### DATASET:

▬▬▬▬▬▬

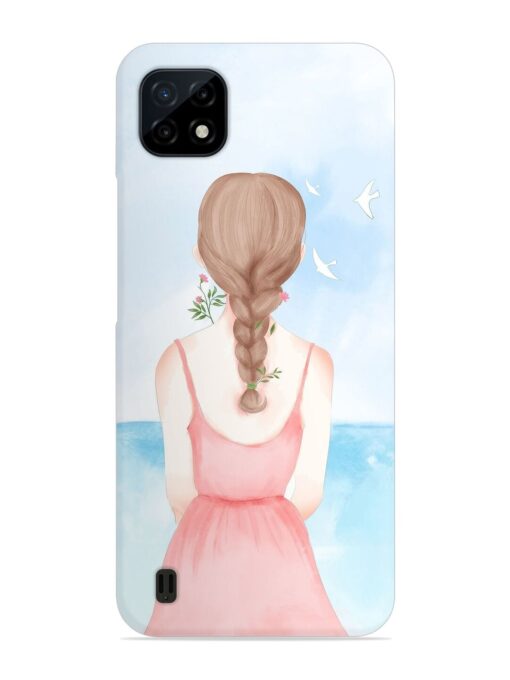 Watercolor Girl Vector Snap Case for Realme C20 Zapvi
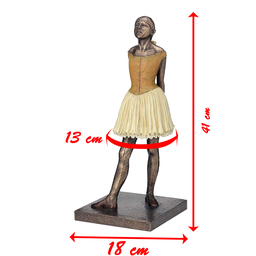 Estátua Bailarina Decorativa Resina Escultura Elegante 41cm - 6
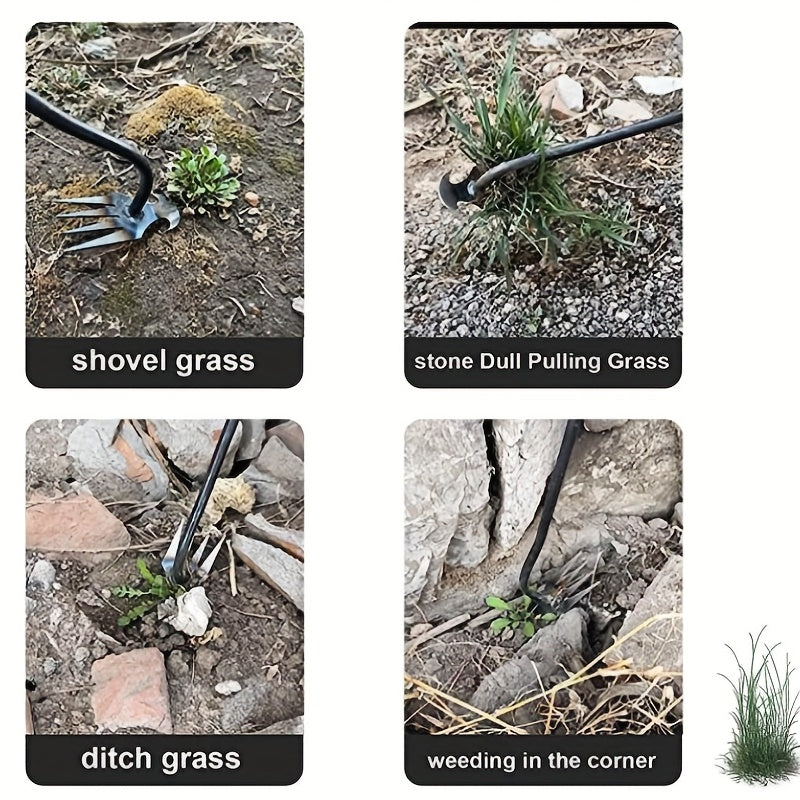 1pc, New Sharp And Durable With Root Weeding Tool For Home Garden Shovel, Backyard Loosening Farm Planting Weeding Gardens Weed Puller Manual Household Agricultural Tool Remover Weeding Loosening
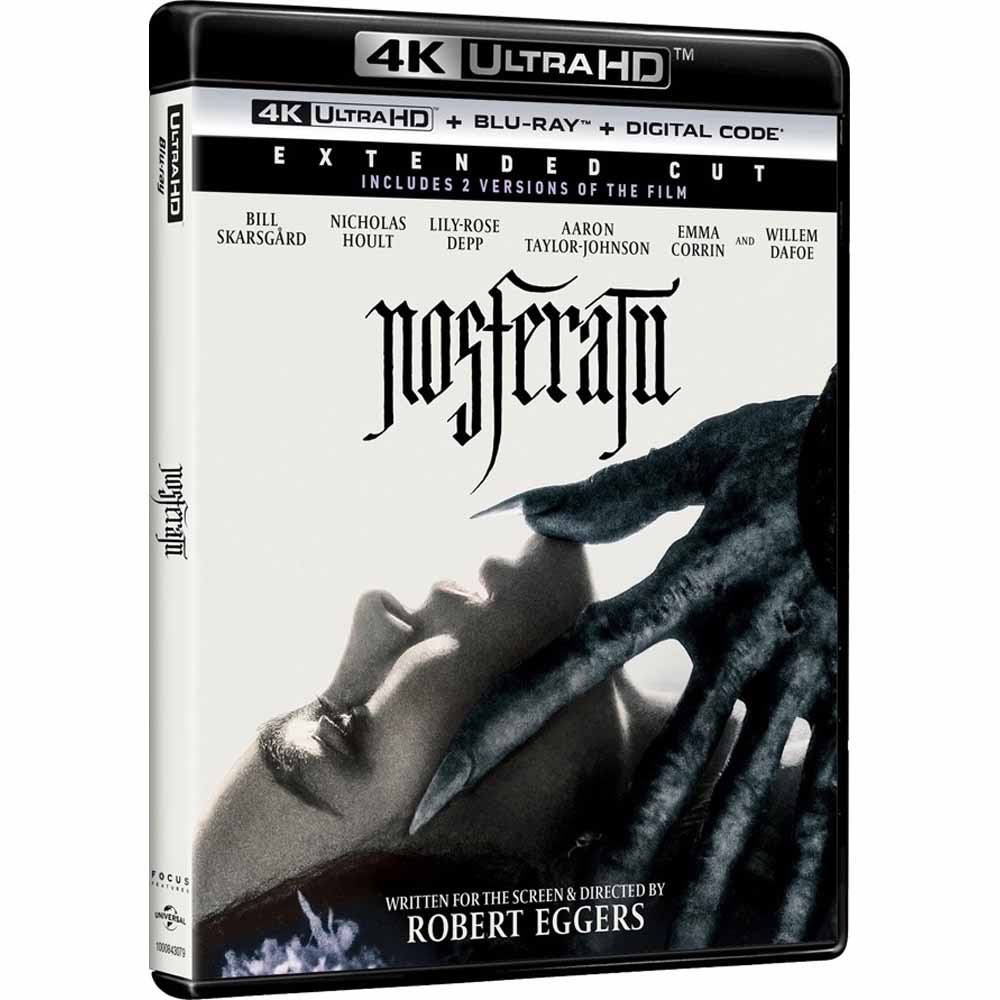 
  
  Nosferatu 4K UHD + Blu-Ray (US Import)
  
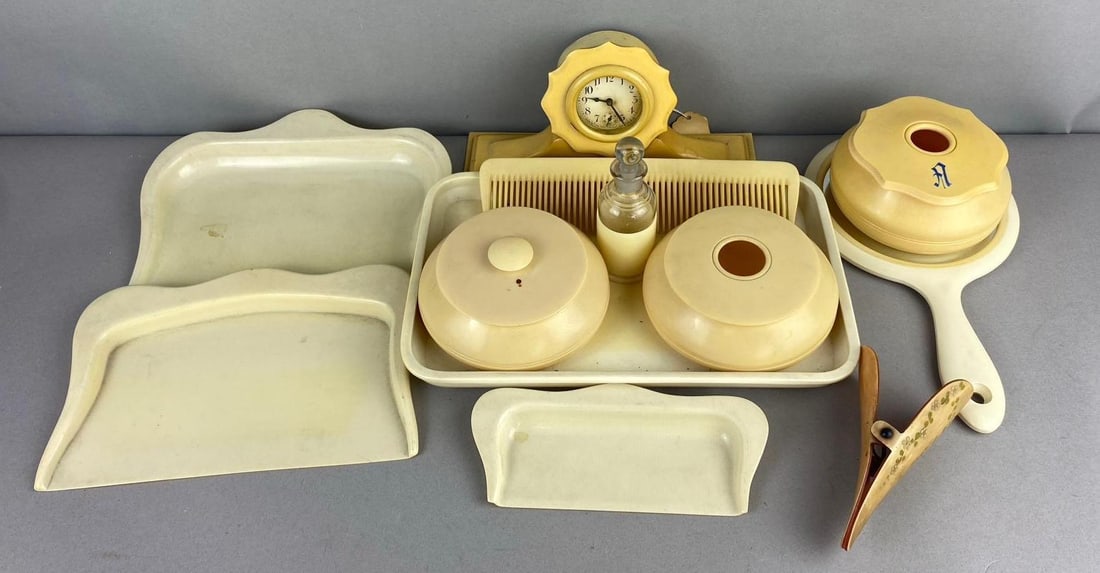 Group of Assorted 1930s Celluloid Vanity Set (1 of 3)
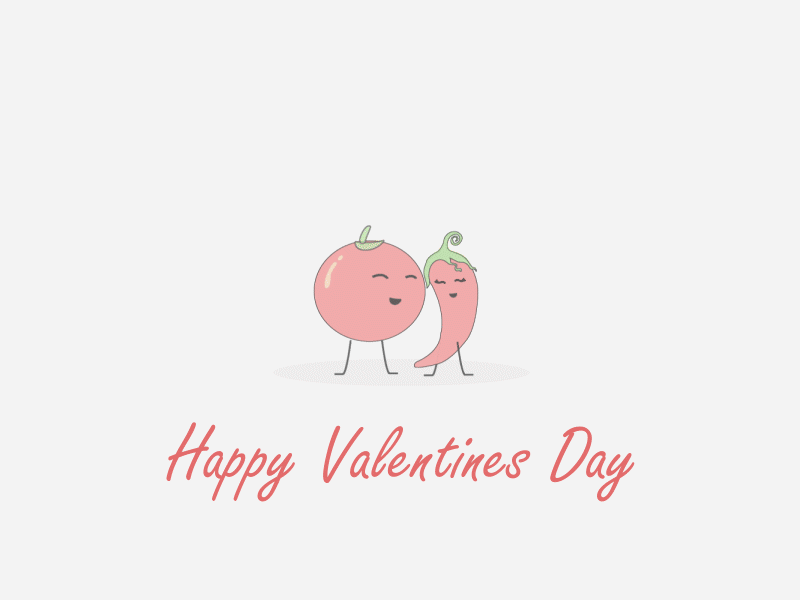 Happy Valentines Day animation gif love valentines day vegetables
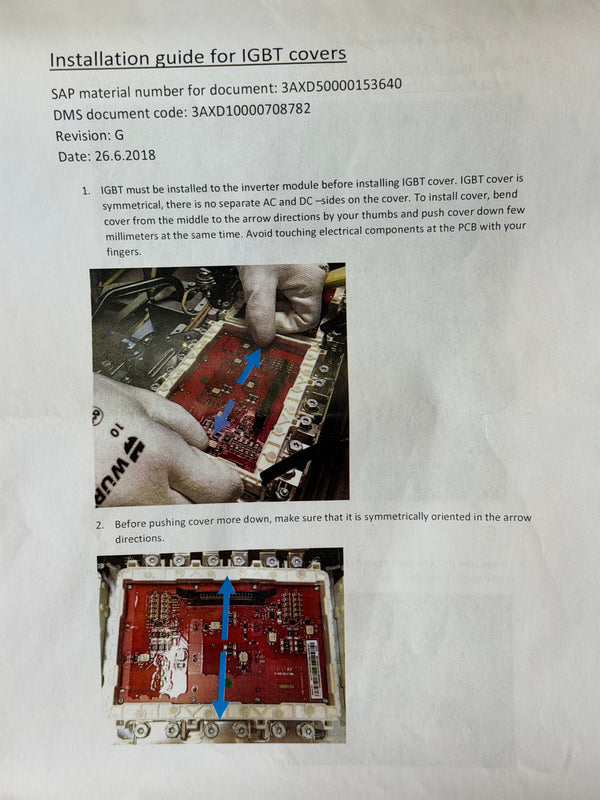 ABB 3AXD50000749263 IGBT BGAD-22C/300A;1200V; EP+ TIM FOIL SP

▬▬▬▬▬▬

### TASK ITEM:
The span to retype runs from the line containing "Group of Assorted" through the last line of the listing above, both ends included; copy it exactly, without pictures.

### COMPLETED EXERCISE:
 Group of Assorted 1930s Celluloid Vanity Set (1 of 3)
 Happy Valentines Day animation gif love valentines day vegetables
 ABB 3AXD50000749263 IGBT BGAD-22C/300A;1200V; EP+ TIM FOIL SP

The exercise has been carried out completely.